The problem is, even if the argument that wireheading doesn’t happen is valid, it is not a cancellation. It just means that the wireheading failure mode is replaced by some equally bad or worse failure mode. This argument is basically saying “your model that predicted this extremely specific bad outcome is inaccurate, therefore this bad outcome probably won’t happen, good news!” But it’s not meaningful good news, because it does literally nothing to select for the extremely specific good outcome that we want.
If a rocket was launched towards the Moon with a faulty navigation system, that does not mean the rocket is likely to land on Mars instead. Observing that the navigation system is faulty is not even an “ingredient in a plan” to get the rocket to Mars.
I also don’t think that the drug analogy is especially strong evidence about anything. If you assumed that the human brain is a simple RL algorithm trained on something like pleasure vs. pain then not doing drugs would indeed be an example of not-wireheading. But why should we assume that? I think that the human brain is likely to be at least something like a metacognitive agent in which case you can come to model drugs as a “trap” (and there can be many additional complications).
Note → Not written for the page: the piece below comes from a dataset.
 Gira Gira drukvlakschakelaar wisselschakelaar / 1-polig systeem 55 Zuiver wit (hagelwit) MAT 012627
I don’t think this part of the conversation is going anywhere useful. I don’t personally claim to have any plan for AGI alignment right now. If I ever do, and if “miraculous [partial] cancellation” plays some role in that plan, I guess we can talk then. :)
I guess you’re saying that humans are “metacognitive agents” not “simple RL algorithms”, and therefore the drug thing provides little evidence about future AI. But that step assumes that the future AI will be a “simple RL algorithm”, right? It would provide some evidence if the future AI were similarly a “metacognitive agent”, right? Isn’t a “metacognitive agent” a kind of RL algorithm? (That’s not rhetorical, I don’t know.)
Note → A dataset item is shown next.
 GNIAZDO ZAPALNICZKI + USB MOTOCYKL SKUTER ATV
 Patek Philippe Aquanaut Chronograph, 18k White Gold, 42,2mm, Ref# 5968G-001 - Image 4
A metacognitive agent is not really an RL algorithm is in the usual sense. To first approximation, you can think of it as metalearning a policy that approximates (infra-)Bayes-optimality on a simplicity prior. The actual thing is more sophisticated and less RL-ish, but this is enough to understand how it can avoid wireheading.
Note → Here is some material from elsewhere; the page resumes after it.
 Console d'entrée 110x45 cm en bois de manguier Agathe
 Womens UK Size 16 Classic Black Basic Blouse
Many alignment failure modes (wireheading, self-modification, inner misalignment...) can be framed as “traps”, since they hinge of the non-asymptotic properties of generalization, i.e. on the “prior” or “inductive bias”. Therefore frameworks that explicitly impose a prior (such as a metacognitive agents) are useful for understanding and avoiding these failure modes. (But, this has little to do with the OP, the way I see it.)